The 2012 Arena Football League season was the 25th season in the history of the league. The regular season began on March 9, 2012 with a game between the Pittsburgh Power and the Orlando Predators and ended on July 22, 2012 with a game between the Utah Blaze and Philadelphia Soul. The Arizona Rattlers defeated the Philadelphia Soul by a 72–54 score in ArenaBowl XXV on August 10, 2012 to conclude the playoffs.

League business

Teams
The only franchise that relocated during the offseason was the Tulsa Talons, which became the San Antonio Talons following a move to San Antonio, Texas, where the team announced they would play at the Alamodome.

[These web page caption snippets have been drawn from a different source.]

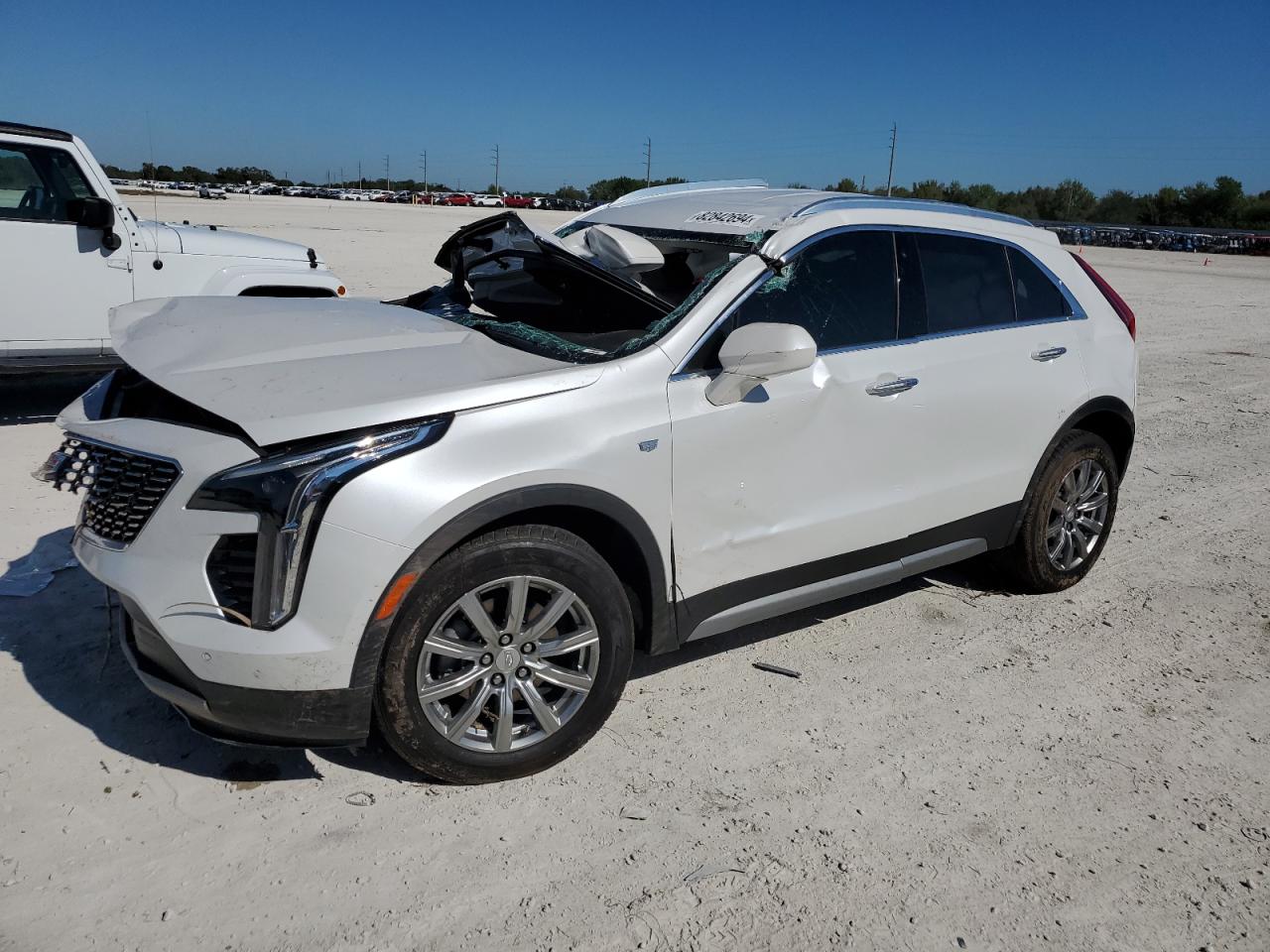 2020 Cadillac Xt4 Premium Luxury VIN: 1GYFZCR48LF128683 Lot: 82842694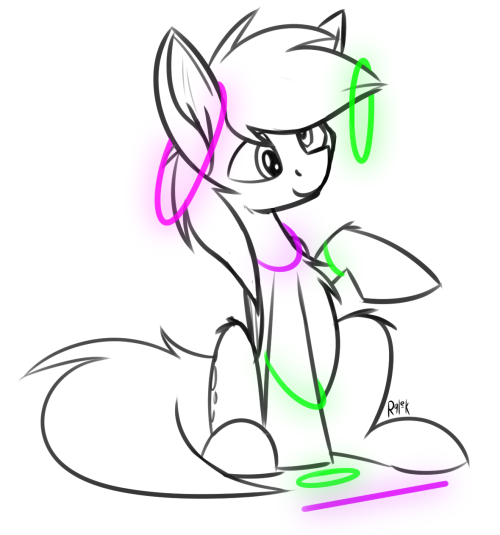 paperderp:  Derpy wearing Glowsticks by Anon 1 & 2 from /mlp/  <3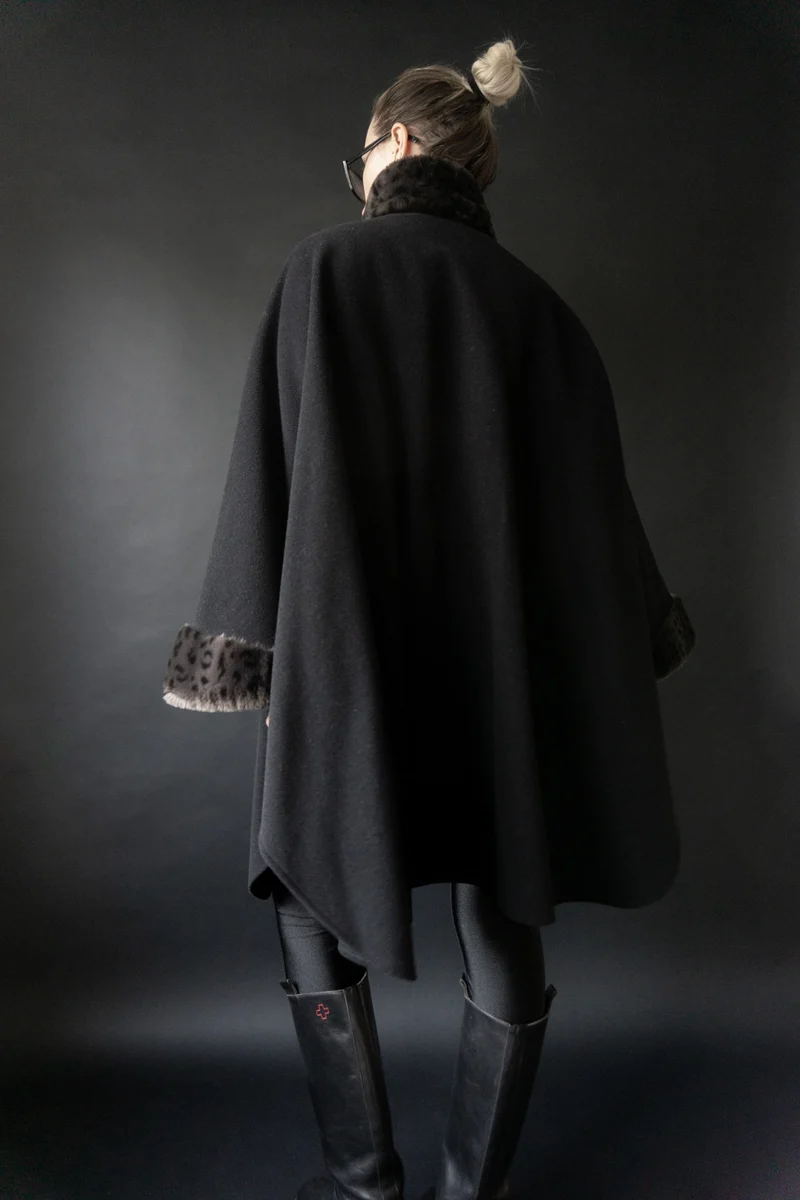 Vintage 80s Cape aus Wolle mit Kunstfellbesatz und abnehmbarem Schal, One Size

When the 2012 schedule was announced, the Dallas Vigilantes were left off without any explanation on the status of the franchise. No expansion teams were added for the 2012 season.

Labor issues
On March 9, 2012, the day the AFL was to begin play, the Arena Football League Players Association went on strike, seeking a doubling of their wages. The game between the Pittsburgh Power and Orlando Predators scheduled for that night was played as scheduled with replacement players making up about three-quarters of the roster. However, players began crossing the picket line by the second quarter and the AFL announced the work stoppage ended just two hours after the game ended.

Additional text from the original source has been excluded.